Aside the illegality of these practices, what is lost to those involved in this dangerous game is that these wild animals still possess their natural instincts, even if they are dulled from living outside their habitat. But the main concern for us is that the act of parading wild animals on the streets is both illegal and cruel.
It is noteworthy that Nigeria is a signatory to the Convention on International Trade in Endangered Species of Wild Fauna and Flora, also known as “CITES”. The treaty aims to protect wildlife from over-exploitation from international trade. It also provides different levels of protection for a large list of plant and animal species, working to protect their numbers in the wild. It does this by imposing a specialised permitting system on the transport and trade of specific listed species. By those extra hurdles, CITES has created an environment that has had a significant impact on the rampant over-exploitation of the species it monitors.
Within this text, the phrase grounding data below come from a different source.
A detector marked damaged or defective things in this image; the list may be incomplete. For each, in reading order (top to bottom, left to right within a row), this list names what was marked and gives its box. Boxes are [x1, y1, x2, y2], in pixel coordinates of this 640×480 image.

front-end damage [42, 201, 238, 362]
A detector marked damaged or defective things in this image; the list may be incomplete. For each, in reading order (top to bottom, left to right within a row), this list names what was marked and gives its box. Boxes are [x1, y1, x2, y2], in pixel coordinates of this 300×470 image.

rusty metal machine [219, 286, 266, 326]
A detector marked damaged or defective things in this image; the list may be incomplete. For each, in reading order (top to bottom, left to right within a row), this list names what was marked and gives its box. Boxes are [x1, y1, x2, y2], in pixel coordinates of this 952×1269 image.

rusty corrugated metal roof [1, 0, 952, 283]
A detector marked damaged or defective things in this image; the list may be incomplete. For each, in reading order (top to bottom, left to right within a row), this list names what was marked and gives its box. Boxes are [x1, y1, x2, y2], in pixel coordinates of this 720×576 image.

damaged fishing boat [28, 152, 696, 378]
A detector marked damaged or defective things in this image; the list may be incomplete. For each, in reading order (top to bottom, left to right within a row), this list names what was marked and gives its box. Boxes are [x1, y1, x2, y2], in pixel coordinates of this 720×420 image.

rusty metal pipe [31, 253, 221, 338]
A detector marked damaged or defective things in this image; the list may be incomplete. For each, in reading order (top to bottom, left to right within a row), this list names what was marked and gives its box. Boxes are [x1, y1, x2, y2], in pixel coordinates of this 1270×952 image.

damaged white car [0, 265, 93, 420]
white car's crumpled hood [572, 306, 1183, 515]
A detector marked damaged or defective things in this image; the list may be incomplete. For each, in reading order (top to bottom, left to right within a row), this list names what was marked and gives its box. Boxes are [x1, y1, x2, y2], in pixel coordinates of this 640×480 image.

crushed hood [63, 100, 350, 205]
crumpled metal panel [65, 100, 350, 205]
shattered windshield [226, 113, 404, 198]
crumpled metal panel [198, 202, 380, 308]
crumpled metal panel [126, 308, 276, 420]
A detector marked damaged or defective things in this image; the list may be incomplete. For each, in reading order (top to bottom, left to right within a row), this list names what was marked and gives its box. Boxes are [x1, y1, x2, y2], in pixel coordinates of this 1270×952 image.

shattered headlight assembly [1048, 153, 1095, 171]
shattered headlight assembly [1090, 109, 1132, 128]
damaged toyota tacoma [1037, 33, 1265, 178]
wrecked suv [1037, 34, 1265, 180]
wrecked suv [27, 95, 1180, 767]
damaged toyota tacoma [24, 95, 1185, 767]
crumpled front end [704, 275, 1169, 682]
Nigeria has a number of animal and plant species that are listed by The World Conservation Union (IUCN) in the 2004 IUCN “Red List of Threatened Animals” as ‘vulnerable’ to extinction.
Regrettably, the government has not been able to adequately equip forest guards to stop poachers, who operate almost freely within the nation’s protected game reserves in Yankari, Bauchi State; Okomu, Edo State; Gashaka-Gumti National Park in Adamawa and Taraba states; Cross River National Park; and Omo Forest Reserve, Ogun State. It is from these poachers who also operate as thieves that those who keep these wild animals as pets at home get them. Yet this unchecked thriving trade in wildlife in Nigeria led to the suspension of the country from CITES in March 2008. Five years earlier in 2003, after two gorillas that were being illegally trafficked were intercepted in Kano, international and local conservationists labelled Nigeria a hub in the illegal trade in endangered wildlife. The two captured female western lowland nine-year-old gorillas were subsequently sent back to their homeland in Cameroon that year to the shame of our country.
Incidentally, Nigeria was once said to have the most diverse population of monkeys and apes in the world, but as its forests have dwindled, many of these animals have either been hunted to extinction or are now serving as pets at the homes of the rich of our society.